Out of Office, Trump Still the Center of Attention, Investigations

Former U.S. President Donald Trump left office more than a year ago, but his conduct in the waning weeks of his presidency as he tirelessly sought to remain in power and his reported role in the riot at the U.S. Capitol on Jan. 6, 2021, remain a focal point of the American political scene and multiple investigations. 

Trump, with a wide base of Republican voter support, is teasing another run for the presidency in 2024 after losing in 2020 to Democrat Joe Biden, now the 46th U.S. president. Both men are in their 70s, but an electoral rematch in two years is possible. 

Trump is already assailing Biden’s performance during his first year in office, while Biden and his aides attack Trump, zeroing in on his baseless claims that he was cheated out of a second term by electoral fraud. 

But for the moment, the focus is not on 2024 or the nationwide congressional elections coming up in nine months. The current focus is on how the Trump presidency ended. 

Special grand jury 

A prosecutor in the southern city of Atlanta, Georgia, has convened a special grand jury to investigate Trump’s phone call to the top Georgia election official, Brad Raffensperger, in early 2021 asking him to “find” enough votes to overturn his loss in the state.
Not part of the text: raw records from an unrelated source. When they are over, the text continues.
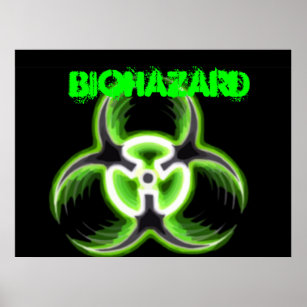 Acid Green Biohazard 08 Poster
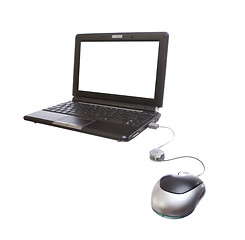 Image showing isolated technology netbook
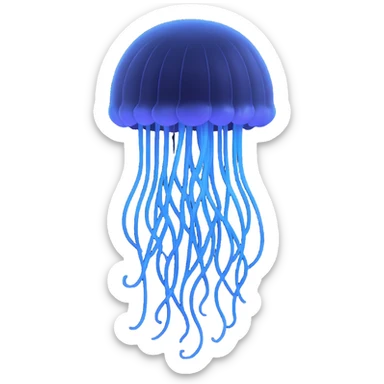 soul with the outline of a jellyfish sticker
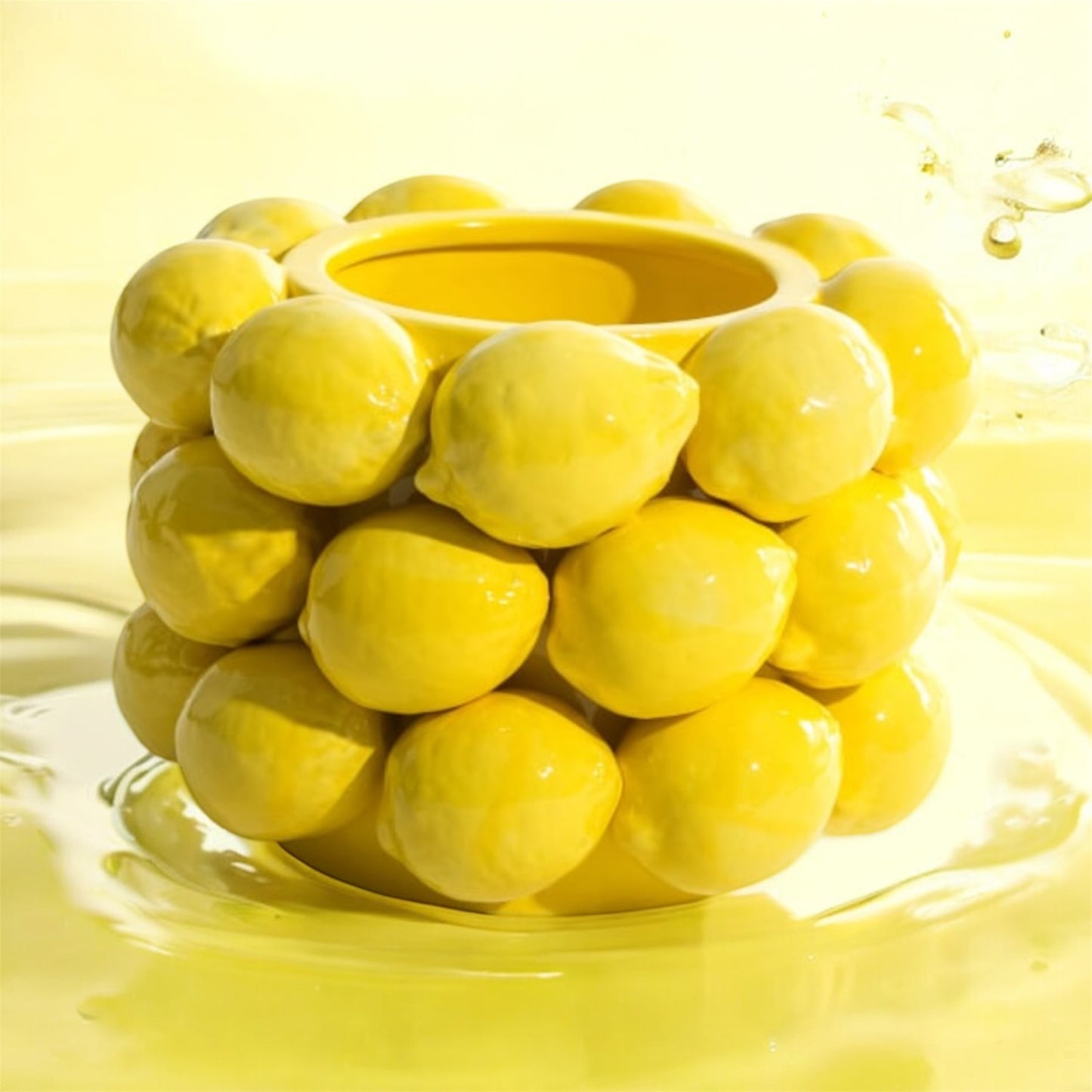 Ceramic Multi Lemon Bowl / Vase – Fresh & Playful Decorative Centrepiece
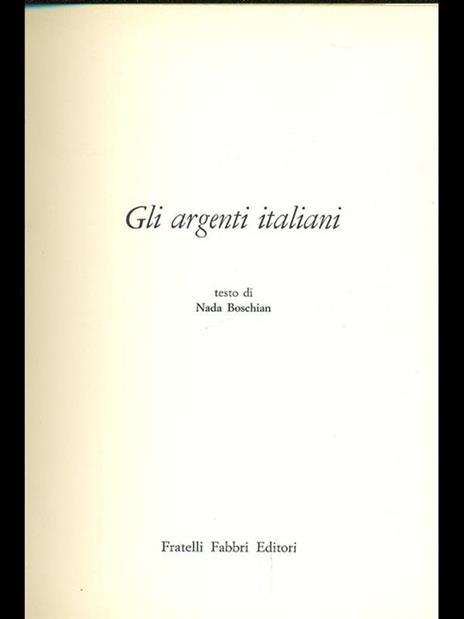 Gli argenti italiani - Nada Boschian - 4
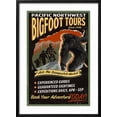 thumbnail image 2 of Art.com Bigfoot Tours - Vintage Sign Art Print by Lantern Press, Black Frame Wall Art, 21" x 29", 2 of 5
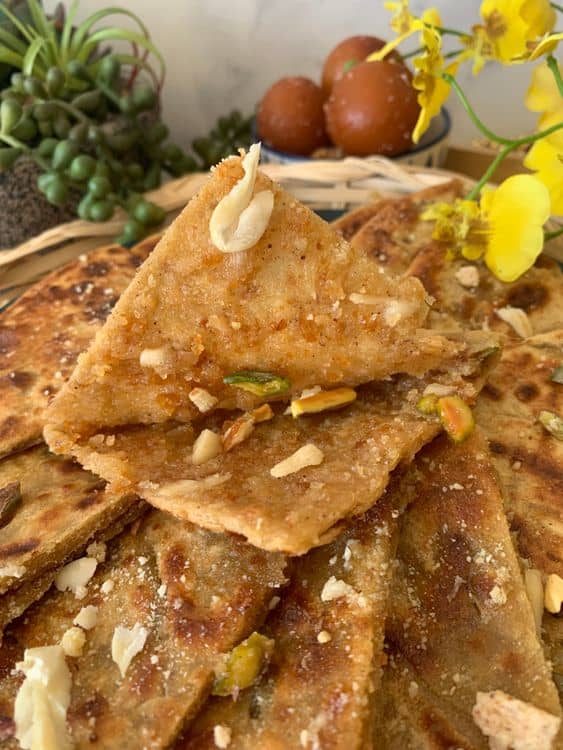 Gulab Jamun Paratha recipe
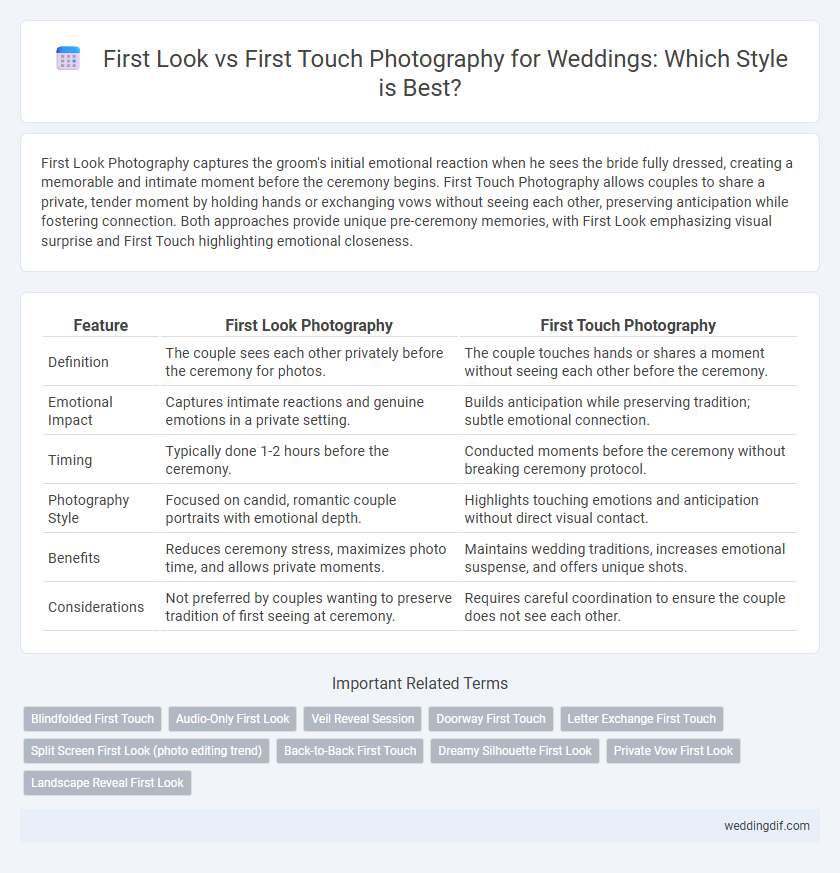 First Look vs First Touch Photography for Weddings: Which Style is Best?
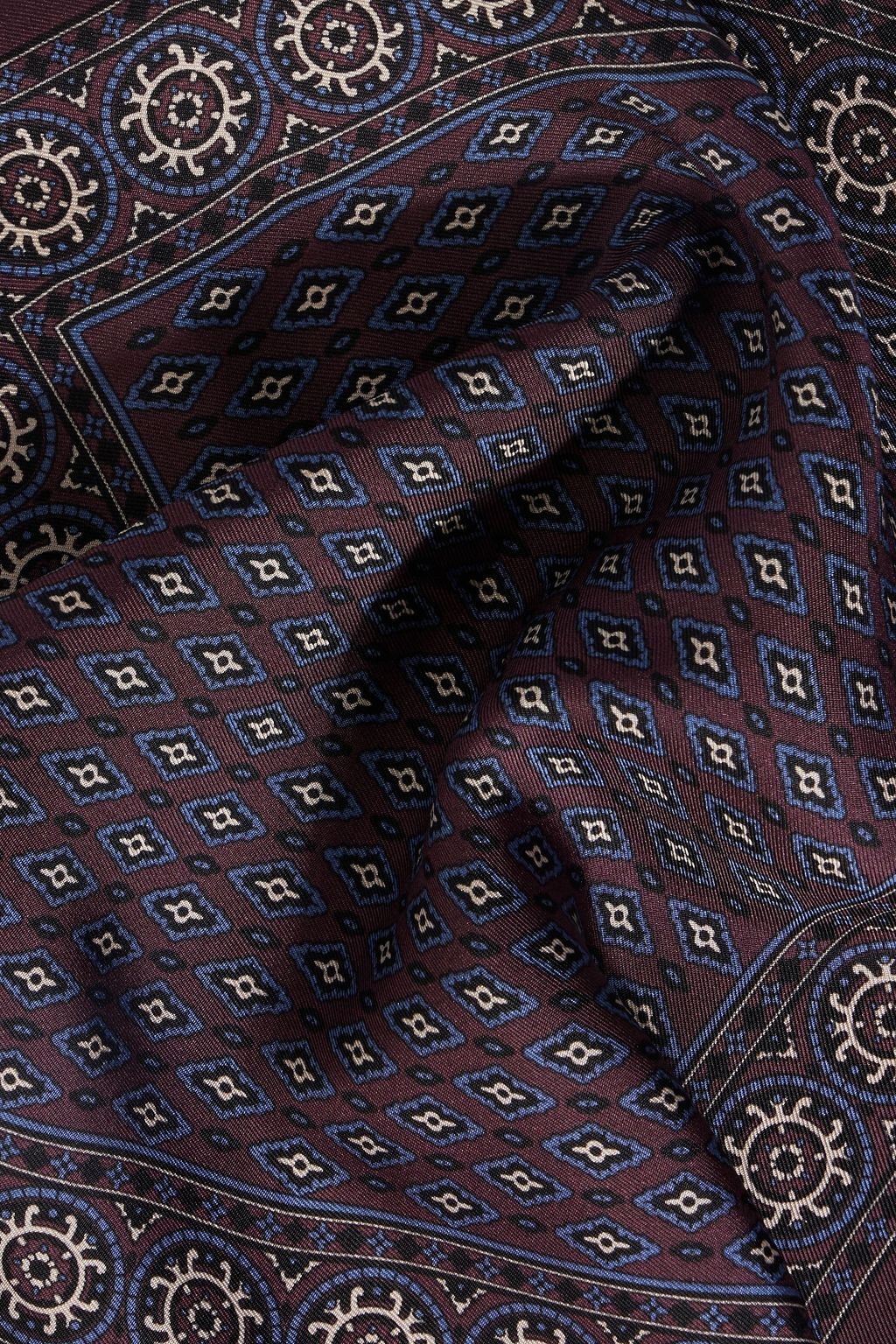 DOLCE&GABBANA Printed silk-twill pocket square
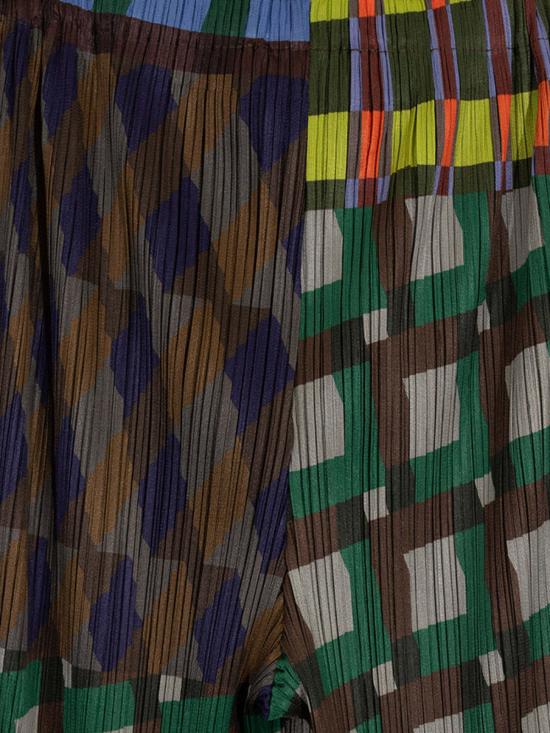  이세이 미야케 스트레이트 팬츠 팬츠 블루 - ISSEY MIYAKE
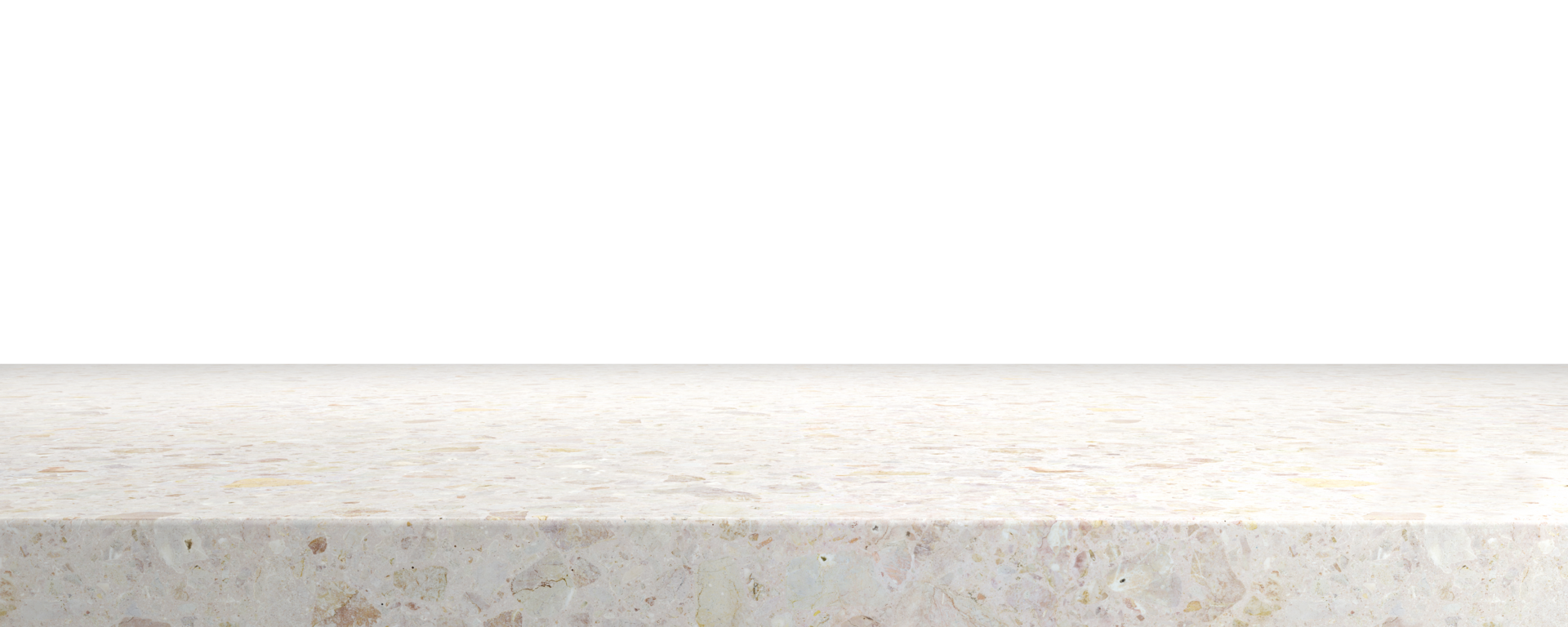 Empty realistic clear white stone marble tranparent backgrounds 3d rendering png file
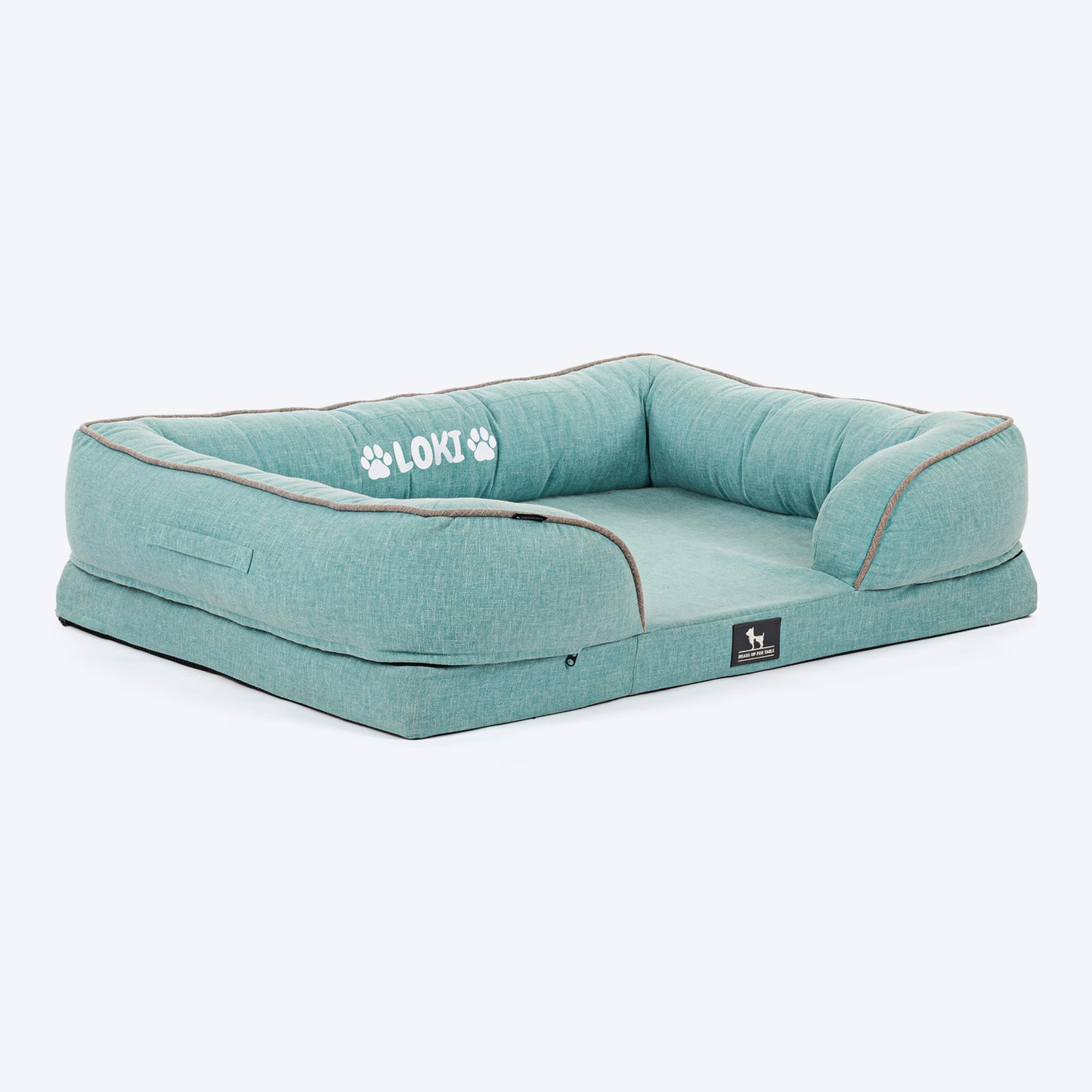 HUFT Personalised Warm Hug Orthopedic Sofa Bed For Dog - Blue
“So, look. All I want to do is this,” Trump said in a recording of the call to Raffensperger. “I just want to find 11,780 votes, which is one more than we have, because we won the state.”

Meanwhile, several U.S. news outlets reported Tuesday that aides to Trump drafted orders, which apparently were never issued, calling on the Defense and Homeland Security departments to seize voting machines in key political battleground states in hopes of proving electoral fraud.

Trump lost one court challenge after another in states that Biden won. William Barr, Trump’s former attorney general, declared that federal investigators had not found evidence of fraud that would have changed the election outcome.

Undaunted, Trump turned his attention to the congressional certification of the Electoral College vote on January 6, 2021, imploring then-Vice President Mike Pence to reject the Biden electors from several key battleground states that the Democrat had won.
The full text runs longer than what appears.